Am I Responsible for My Aging Parents and My Grown Up Kids?
Am I Responsible
for My Aging Parents and My Grown Up Kids?
The idea that life is circular has
been around for a long time. From the changing seasons to birth and death, life
is an unending cycle. Throughout the centuries, people have found innumerable ways
to represent this concept. We humans are
bound to it just as firmly. As we get older, so do our parents and other loved
ones. We take care of parents while
nurturing our kids, they grow up looking at how we mindfully deal with our
responsibilities
Nearly half of adults in their 30s
and 40s have a parent 60 or older and are either raising a young child or
financially supporting a child. According to the Research about 1 in 7 is
financially supporting both an aging parent and a child. The dual role to
play at some point in life. And it’s a challenge sandwich generation has to
face.
There could be constant juggling of thoughts
Am I being loving and attentive enough?
Are my children becoming spoiled?
Are my parents happy?
Am I fulfilling my responsibility towards my
parents?
All the responsibilities of parenting fall under
one of these two headings.
Most of us come into the world viewing our parents as
healthy, strong and everlasting. As we grow, and as they age, the naive feeling
that they are a perpetual part of our lives fades. Their hearing weakens, their
gait slows, their memories dim, and for adult children the experience can
provoke feelings of anger, anxiety, fear and frustration. It's a
strange shift from when they were responsible for you. Now you might be
responsible for them, and they're not listening to your orders the way an
8-year-old would. You have kids who have also started dictating their terms.

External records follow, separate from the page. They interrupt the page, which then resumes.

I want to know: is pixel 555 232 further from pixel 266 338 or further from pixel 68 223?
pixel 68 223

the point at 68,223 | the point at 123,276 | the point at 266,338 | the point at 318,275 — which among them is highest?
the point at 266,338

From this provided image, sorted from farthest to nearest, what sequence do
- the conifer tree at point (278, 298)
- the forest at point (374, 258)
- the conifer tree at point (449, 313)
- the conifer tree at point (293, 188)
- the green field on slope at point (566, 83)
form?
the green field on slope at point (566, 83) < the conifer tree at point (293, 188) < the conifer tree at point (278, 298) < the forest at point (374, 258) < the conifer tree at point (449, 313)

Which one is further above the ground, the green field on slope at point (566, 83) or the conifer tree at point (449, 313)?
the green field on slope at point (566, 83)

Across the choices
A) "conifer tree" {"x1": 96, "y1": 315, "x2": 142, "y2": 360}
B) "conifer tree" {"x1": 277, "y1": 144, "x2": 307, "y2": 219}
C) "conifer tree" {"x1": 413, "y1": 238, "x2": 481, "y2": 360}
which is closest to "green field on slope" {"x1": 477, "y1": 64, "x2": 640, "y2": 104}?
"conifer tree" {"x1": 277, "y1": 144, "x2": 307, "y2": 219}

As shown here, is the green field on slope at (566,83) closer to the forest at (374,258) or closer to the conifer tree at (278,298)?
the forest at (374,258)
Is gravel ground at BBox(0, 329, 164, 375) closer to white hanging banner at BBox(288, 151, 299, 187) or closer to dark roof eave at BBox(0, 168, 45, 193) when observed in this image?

You have dual responsibility towards both generation.
The Verdict: We have an innate responsibility to help loved ones as they
age, and to our grown up kids but there are limits
There will most likely be times when you’ll feel
that you just can’t go on. This is when your dedication to taking care of
yourself -- must remain stronger than ever.

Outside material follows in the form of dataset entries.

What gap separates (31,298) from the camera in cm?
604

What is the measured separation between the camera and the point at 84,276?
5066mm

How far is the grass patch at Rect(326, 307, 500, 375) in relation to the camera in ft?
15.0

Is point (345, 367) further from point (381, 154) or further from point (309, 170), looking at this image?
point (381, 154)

At this point – Do your duty, Give your Best,
Balance yourself. Focus on true success and happiness and most importantly
don’t forget to take care of your wellbeing.

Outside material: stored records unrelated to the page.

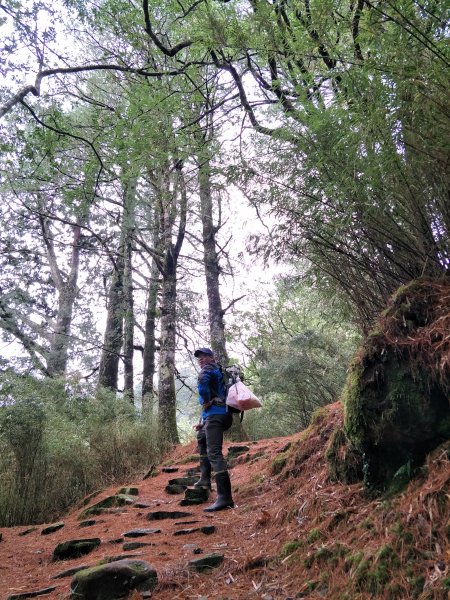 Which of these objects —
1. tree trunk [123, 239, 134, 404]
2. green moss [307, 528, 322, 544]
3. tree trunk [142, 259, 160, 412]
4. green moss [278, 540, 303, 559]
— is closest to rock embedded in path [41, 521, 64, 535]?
green moss [278, 540, 303, 559]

Challenges of the 'sandwich generation' and
how to deal with it.
Ø Talk
about Everyday Stuff — and Do It Every Day The more you do something, the easier it gets. Talking to
the adults in your life about everyday stuff builds a bond. It makes it easier
when you need to discuss something more serious.
Ø Find
something to chat about each day. You can keep it brief
and casual. Talk about how your team did at the track meet. Share something one
of your teachers said. Tell them about a school project. Share a fun post or
picture. Even small talk about what's for dinner can keep you feeling close.
Ø Do
things together that you both enjoy. Go for a walk.
Work out together. Cook, eat, play, make music, help out, or just hang out
together. This gives you a chance to have a casual chat.
Ø It's
never too late to start. If things feel
strained between you and your parent, ease into it. Mention that cute thing as
a kid you did. Watch a funny movie together to share a laugh. Talking about
little things might be a way to get closer
Ø Enable social inclusion. Create opportunities
for your loved one to play an active role in your family and in your community.
Isolation can be a major cause of emotional distress for older people.
Ø Learn and practice mindful communication. Don't be afraid to
have what can be a tough conversation about end of life care with your loved
one. Make use of the tools and resources available online to talk with your
loved one about the kind of treatment they receive and where they would like to
receive it.
Ø Educate yourself. Try to keep up to date with the
latest innovations in elder care and best practices in long term care. Keep
updating yourself with the latest technologies.
THE circle of life however it isn't a closed loop. To trap yourself in any one circle is just to limit your capabilities. Make sure you don’t fall inside closed loop. It is a constant journey of reconnecting with your life purpose and discovering many facets of yourself along the way. The more you treat your life as a journey, untangling all the circles, the more enjoyable the ride will be.
By
Dr. Mona Shah
Occupational Therapist, Clinical Psychologist.